Getting rid of the moss invading your lawn is the first step to controlling it. Moss-killing products such as Moss-Out, Moss-Kil, Rid-Moss, or other products that are labeled for moss control will work well. They should contain ferrous sulfate or ferrous aluminum sulfate. These are safe for use on lawns and will even help strengthen the grass while getting rid of the moss. The best time to kill moss is in the late winter or early spring, before it has a chance to put on new growth.
After killing moss, dethatch the grass, raking out the dead moss along with weak, old or dead grass. Getting any thatch out of the lawn will help it grow more vigorously and keep moss down. Doing this helps air and water circulate more freely, reducing any drought stress and getting more nutrients to the grass roots.

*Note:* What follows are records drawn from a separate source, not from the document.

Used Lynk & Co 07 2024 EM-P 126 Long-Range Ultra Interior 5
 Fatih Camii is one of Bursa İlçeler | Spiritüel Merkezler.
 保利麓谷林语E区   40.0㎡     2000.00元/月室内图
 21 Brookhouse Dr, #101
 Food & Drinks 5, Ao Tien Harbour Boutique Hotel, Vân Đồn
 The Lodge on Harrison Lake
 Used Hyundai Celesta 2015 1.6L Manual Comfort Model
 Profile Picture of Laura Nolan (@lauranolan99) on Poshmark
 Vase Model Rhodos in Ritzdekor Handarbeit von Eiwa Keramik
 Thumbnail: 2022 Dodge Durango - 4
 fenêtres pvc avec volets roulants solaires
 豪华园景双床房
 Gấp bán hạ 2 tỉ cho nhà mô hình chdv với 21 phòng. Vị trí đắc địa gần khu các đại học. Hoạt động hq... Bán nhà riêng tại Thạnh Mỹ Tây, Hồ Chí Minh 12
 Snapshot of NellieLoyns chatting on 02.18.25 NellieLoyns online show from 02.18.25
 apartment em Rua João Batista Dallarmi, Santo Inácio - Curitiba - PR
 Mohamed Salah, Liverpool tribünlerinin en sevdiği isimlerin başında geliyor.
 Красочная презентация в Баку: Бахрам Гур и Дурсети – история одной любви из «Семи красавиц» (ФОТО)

Improve lawn conditions for the grass to favor grass growth instead of moss growth. Moss likes shady, damp areas that are poorly drained. Soil aeration can help with soil compaction and bad drainage, and thinning overhead tree limbs will help let in more light to shady areas where moss thrives. Soil pH is another factor to consider. Moss grows in more acidic areas, so adding dolomitic or agricultural lime at a rate of 20 to 30 pounds per thousand square feet of lawn will help create good conditions for grass to grow instead. The lime also will add calcium to the soil, encouraging grass to grow.
Moss grows best where it can outcompete grasses not well suited to cold temperatures. Ryegrass mixed with fescue is a tough, sturdy, cool-season grass that will keep moss from taking over your lawn in cool temperatures, and it grows in shade. If you are in a warm climate, plant a mixed lawn of ryegrass and Bermuda grass for year-round hardy grass that will strangle any moss. After dethatching, seed any bare areas with the ryegrass and dress the seed with a thin layer, about 1/4 inch, of loose soil, potting mix or sand, whichever is best as a soil amendment for your lawn. Water carefully but regularly until seedlings sprout.
Over-watering and over-mowing are two major contributing practices that actually cause moss to grow. Water lawns only when they really need it, instead of adhering to a watering schedule or a timed watering system. Mow grass at the top of its recommended height; don't remove more than a third of the top growth at any one time or the grass will continually be forced to put its growth into leafing instead of rooting.